Finalmente, precisamos de democratizar o mercado interno. A falta de um verdadeiro mercado europeu de serviços financeiros é bem visível no facto de, atualmente, diferentes empresas estarem a pagar taxas de juro substancialmente distintas, dependendo não das suas condições próprias ou de onde e em quê pretendem investir mas simplesmente do seu Estado de origem. Os limites ao mercado interno são também visíveis no nível ainda bastante baixo na ainda pouca mobilidade de pessoas na ue. Esta mobilidade é crucial, não só para corrigir os desequilíbrios emergentes na zona euro mas também para possibilitar um sistema de mobilidade social e redistribuição não baseado apenas em transferências em estados.

Uma solução credível para a atual crise depende de uma resolução deste défice democrático mas, ao mesmo tempo, e passe o lugar comum, constitui também uma oportunidade para tal.
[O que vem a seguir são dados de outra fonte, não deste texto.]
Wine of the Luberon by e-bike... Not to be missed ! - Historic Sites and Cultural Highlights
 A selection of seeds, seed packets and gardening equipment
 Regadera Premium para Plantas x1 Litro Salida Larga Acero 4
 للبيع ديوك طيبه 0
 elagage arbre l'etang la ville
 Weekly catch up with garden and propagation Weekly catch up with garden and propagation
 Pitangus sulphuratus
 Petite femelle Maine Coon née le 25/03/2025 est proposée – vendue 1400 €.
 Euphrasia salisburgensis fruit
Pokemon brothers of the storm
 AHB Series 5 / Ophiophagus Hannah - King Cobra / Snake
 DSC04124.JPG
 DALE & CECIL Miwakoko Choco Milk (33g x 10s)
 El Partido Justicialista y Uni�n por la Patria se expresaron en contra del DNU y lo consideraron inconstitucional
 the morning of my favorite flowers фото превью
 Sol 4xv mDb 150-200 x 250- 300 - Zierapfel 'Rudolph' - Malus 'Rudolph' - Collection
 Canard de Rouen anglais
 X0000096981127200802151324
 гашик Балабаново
A crise começou devido a um problema democrático: as políticas orçamentais de alguns estados tiveram consequências negativas para os outros estados e a União não possuía qualquer mecanismo de governação eficaz para prevenir e regular esse problema. A resolução deste exige o desenvolvimento de instrumentos de governação que possam prevenir estes impactos e, se necessário, disciplinar as externalidades resultantes das políticas económicas e financeiras dos estados. Foram dados passos nessa direção. Porém, estes passos precisam, também eles, de ser legitimados democraticamente. Por exemplo, a partir do momento em que a ue faz depender a ajuda financeira disponibilizada a alguns estados da adoção de certas políticas, torna-se necessário responsabilizá-la, igualmente, pelo resultado dessas políticas. O pior que pode acontecer é a União continuar a ignorar a dimensão democrática do que está a suceder e o seu impacto na legitimidade social do processo de integração europeia.

Precisamos de discutir não só a governação do euro mas uma governação democrática do euro. Esta questão deve assumir um lugar central nas reformas que agora se iniciaram. Em primeiro lugar porque, como mencionei, muitos dos problemas que estão na origem da crise correspondem a falhas democráticas por parte dos estados que a ue necessita de corrigir. Em segundo lugar, porque qualquer que seja a resposta encontrada, esta também terá de ser legitimada democraticamente. Neste contexto, um desafio fundamental para uma futura reforma será o de inverter o pressuposto, partilhado por muitos, de que estas questões só podem ser abordadas democraticamente a nível nacional ou, se abordadas a nível europeu, terão necessariamente de reproduzir o modelo democrático do Estado. Ultrapassar estes paradigmas requer contribuições de várias disciplinas, e a associação de competências técnicas com uma nova imaginação institucional e política. O ideal seria que a governação do euro fosse aproveitada para desenvolver um novo discurso democrático para a integração europeia.

 

Tradução: João Reis Nunes

 

NOTAS

1 Deixando de parte o facto de, pela primeira vez na integração europeia, o tratado poder entrar em vigor sem ser ratificado por todos os estados (artigo 14.º).